Data items:

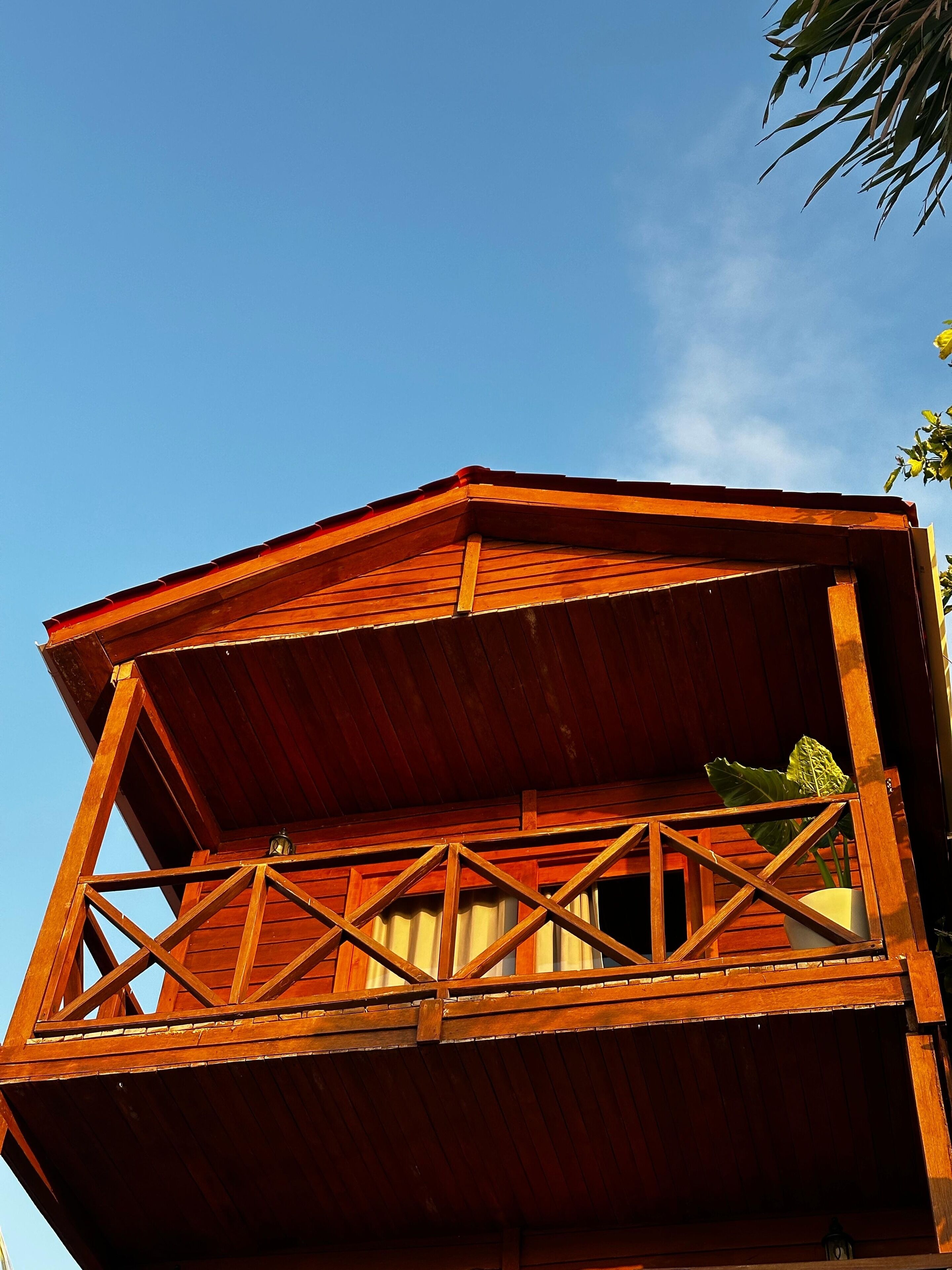 A wooden observation tower with a balcony, offering a clear view of the surrounding area.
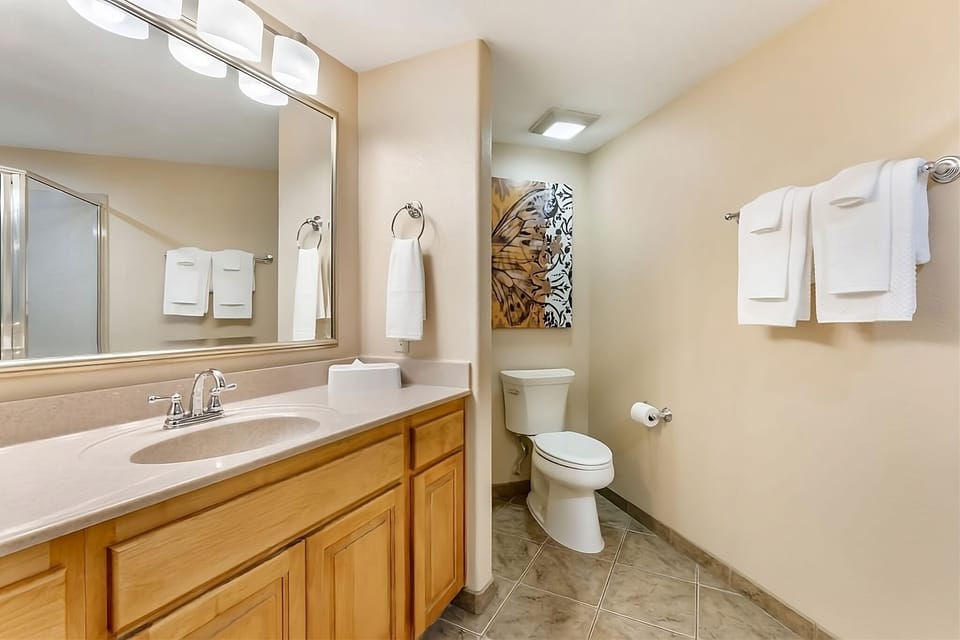 Refresh easily with a spacious vanity and clean, bright lighting.
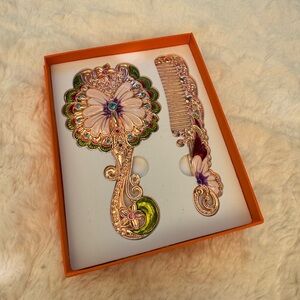 Peacock mirror and comb set.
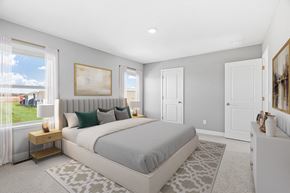 Maple Grove apartment for rent - A bedroom with a large bed and a painting on the wall.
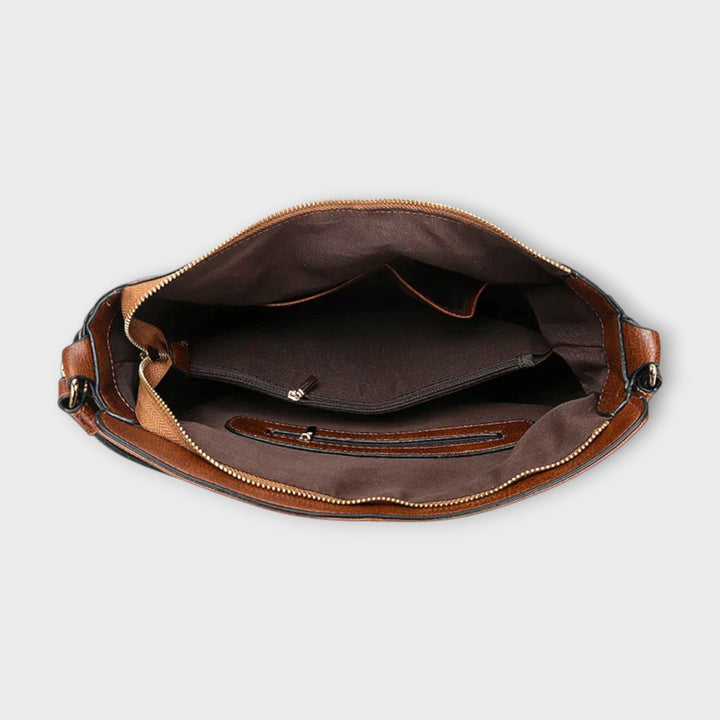 Slouchy faux leather hobo crossbody bag with ample storage, a chic and practical women's accessory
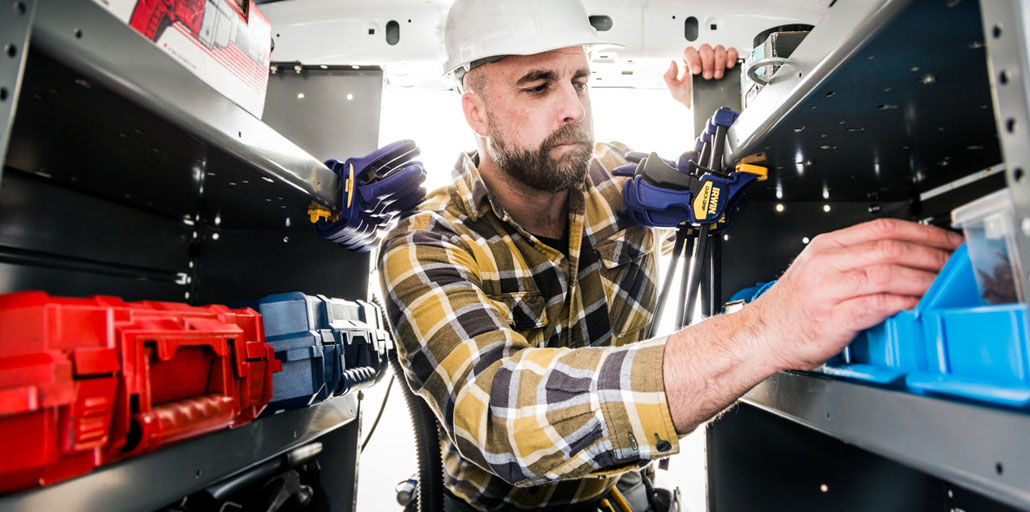 Ford Transit Connect with man looking at equipment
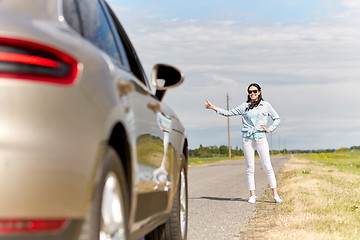 Image showing woman hitchhiking and stopping car at countryside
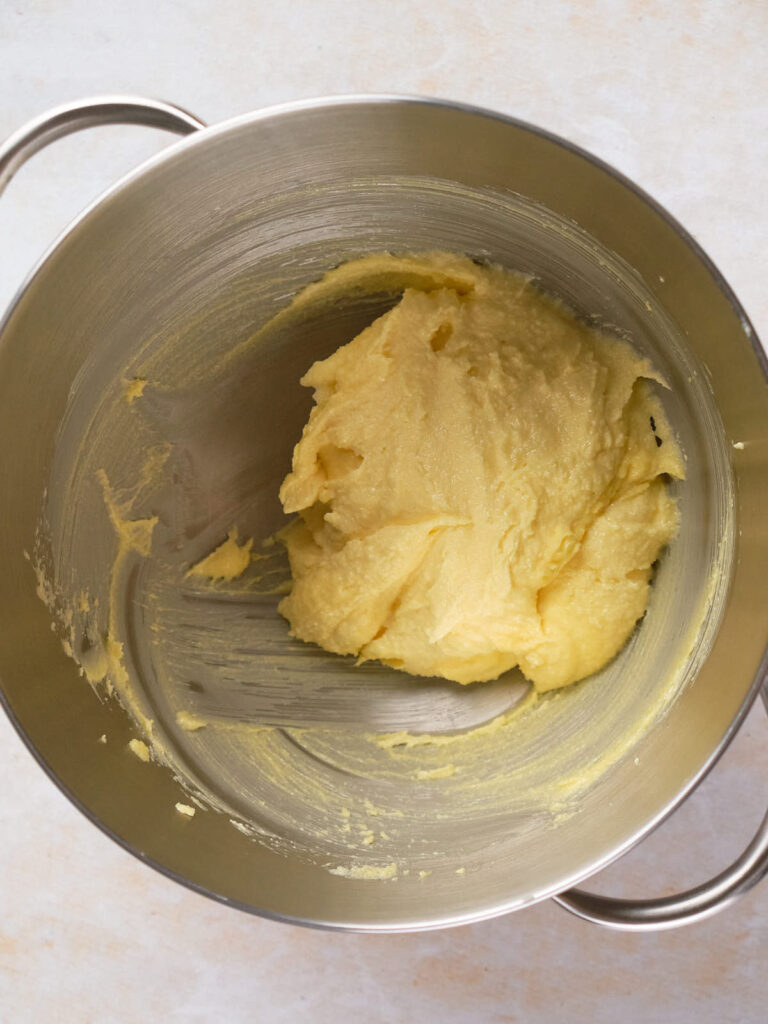 A metal mixing bowl containing a thick, yellow dough mix.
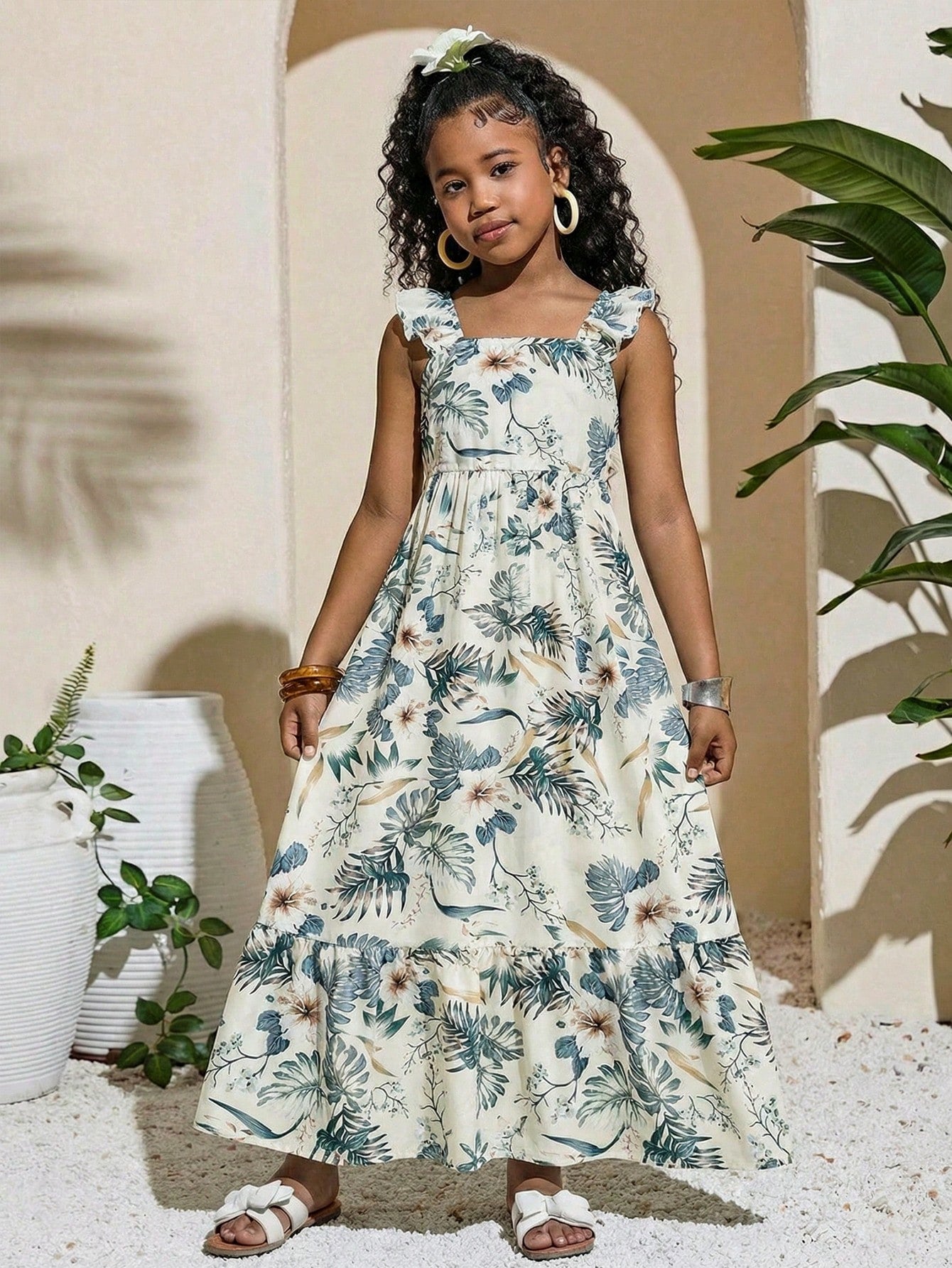 Tween girl multicolor floral vacation dress with square neck, ruffle details, shirred bodice, sleeveless A-line shape, high waist, and flounce hem.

WHAT THE TASK ASKS >> Print each record exactly as it stands, omitting the pictures.

PROBLEM SOLUTION >>
 A wooden observation tower with a balcony, offering a clear view of the surrounding area.
 Refresh easily with a spacious vanity and clean, bright lighting.
 Peacock mirror and comb set.
 Maple Grove apartment for rent - A bedroom with a large bed and a painting on the wall.
 Slouchy faux leather hobo crossbody bag with ample storage, a chic and practical women's accessory
 Ford Transit Connect with man looking at equipment
 Image showing woman hitchhiking and stopping car at countryside
 A metal mixing bowl containing a thick, yellow dough mix.
 Tween girl multicolor floral vacation dress with square neck, ruffle details, shirred bodice, sleeveless A-line shape, high waist, and flounce hem.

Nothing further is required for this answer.